- [PROBLEM TO WORK ON]:
Transcribe the line holding "Models bereiten sich" together with every line after it, through the end of the records, exactly and with no pictures.

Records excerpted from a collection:
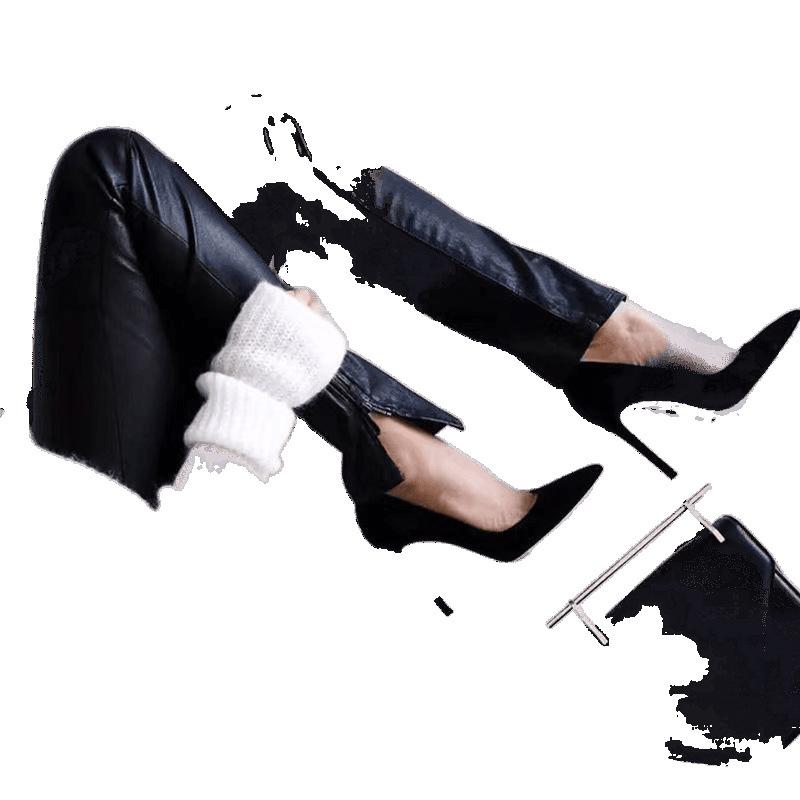 Damhögklackade skor kvinnlig student koreansk version vår och höst nya damskor spetsiga mångsidiga svarta arbetsskor stilett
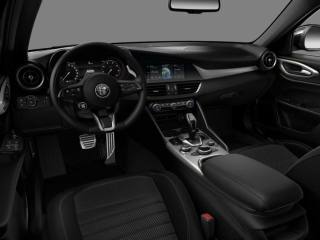 ALFA ROMEO Giulia usata, con Autoradio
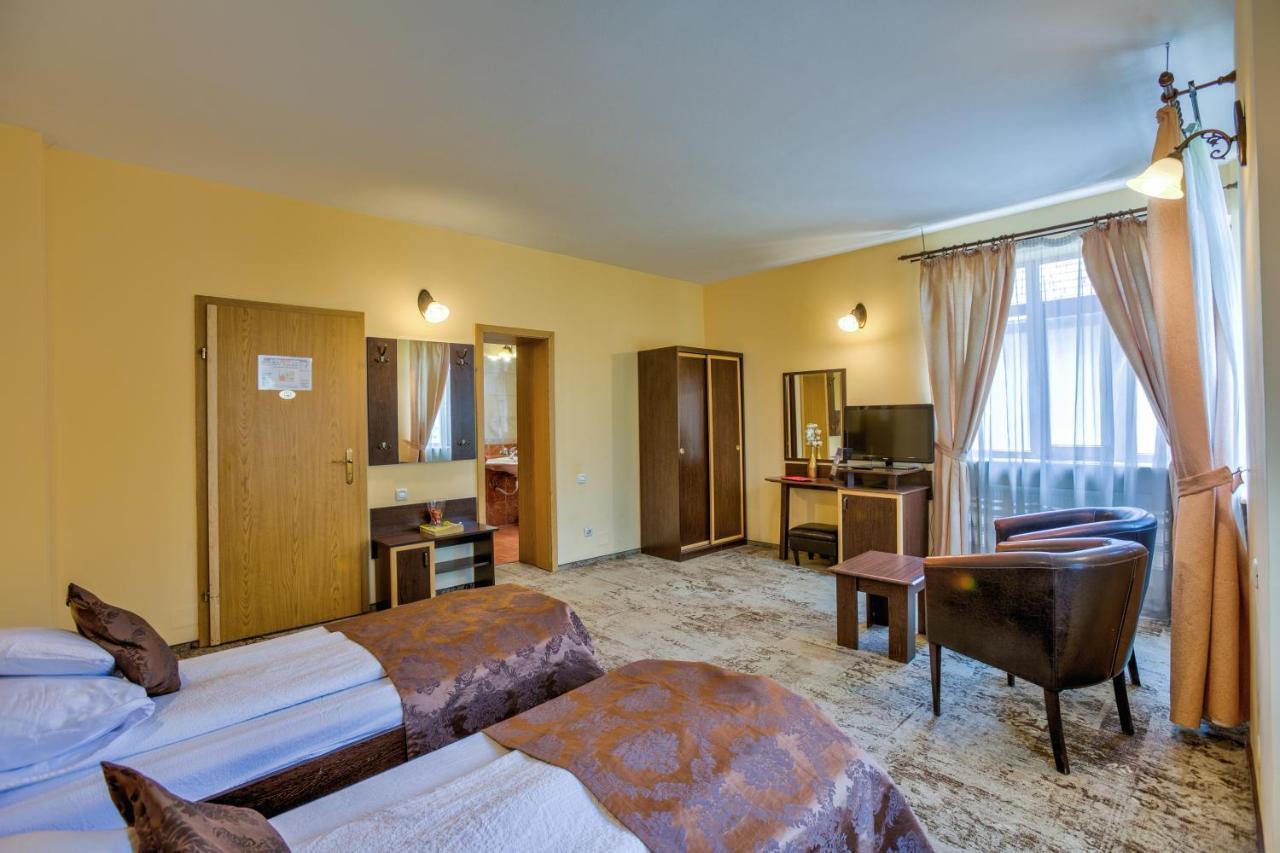 Pensiunea Ambient Braşov Exterior foto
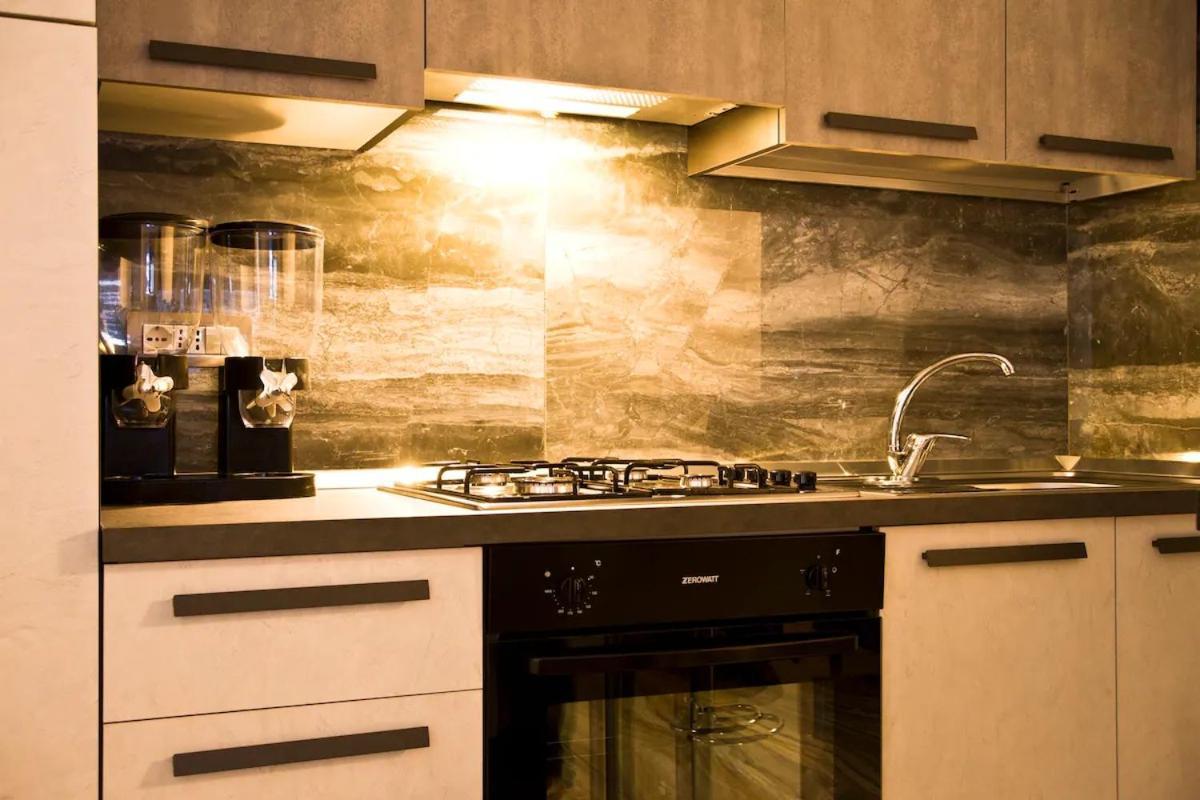 Suite Napoli Sotterranea Con Jacuzzi Exterior foto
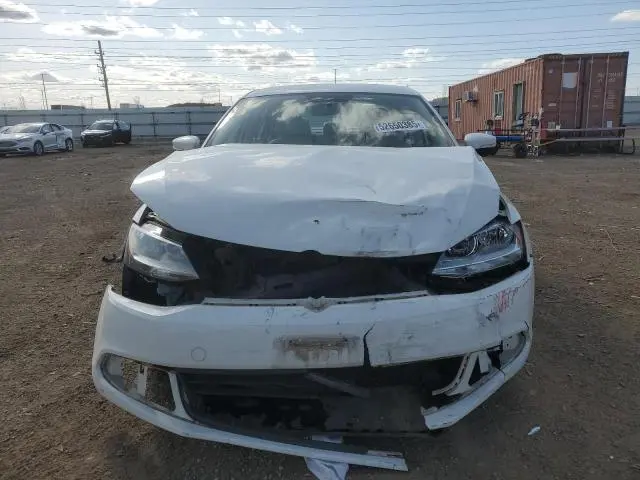 2011 VOLKSWAGEN JETTA SE  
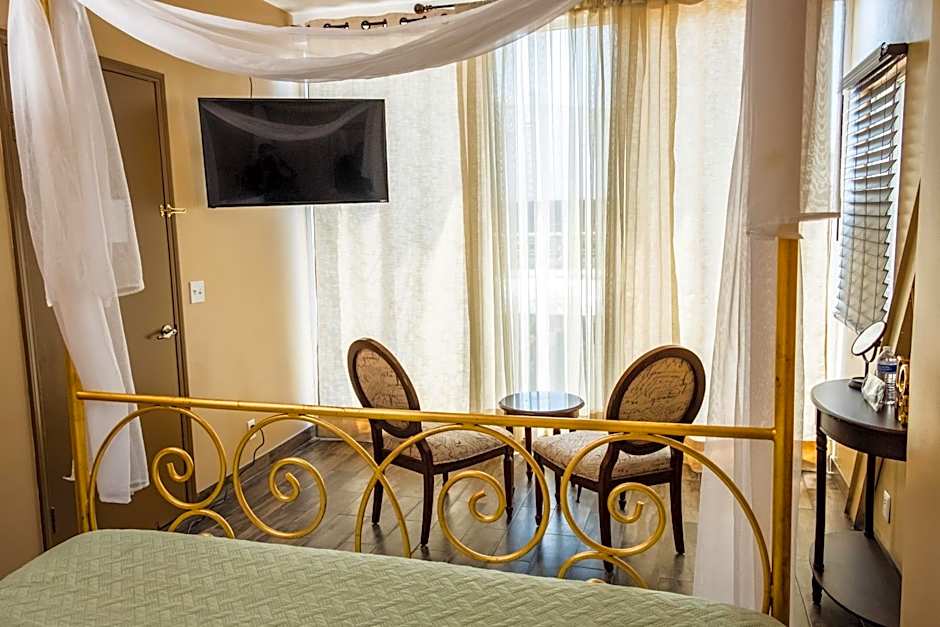 Hotel Revolución
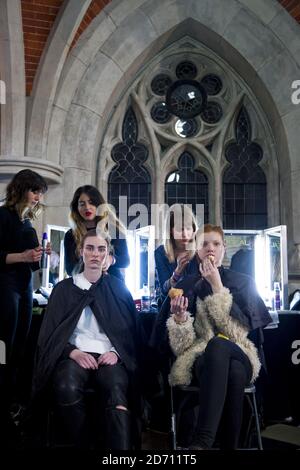 Models bereiten sich backstage auf der Julien Macdonald Modenschau vor, die im Rahmen der London Fashion Week an den Royal Courts of Justice stattfindet Stockfoto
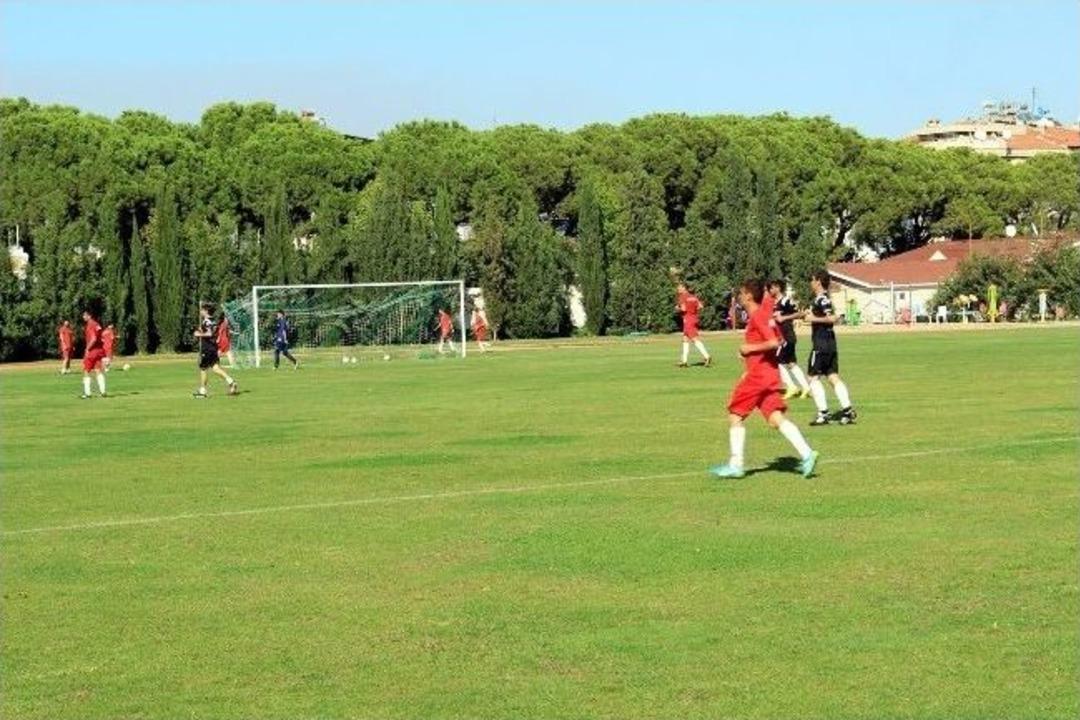 Salihli Belediyespor, Alaşehir&rsquo;i Ge&ccedil;emedi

- [ANSWER TO THIS EXERCISE]:
 Models bereiten sich backstage auf der Julien Macdonald Modenschau vor, die im Rahmen der London Fashion Week an den Royal Courts of Justice stattfindet Stockfoto
 Salihli Belediyespor, Alaşehir&rsquo;i Ge&ccedil;emedi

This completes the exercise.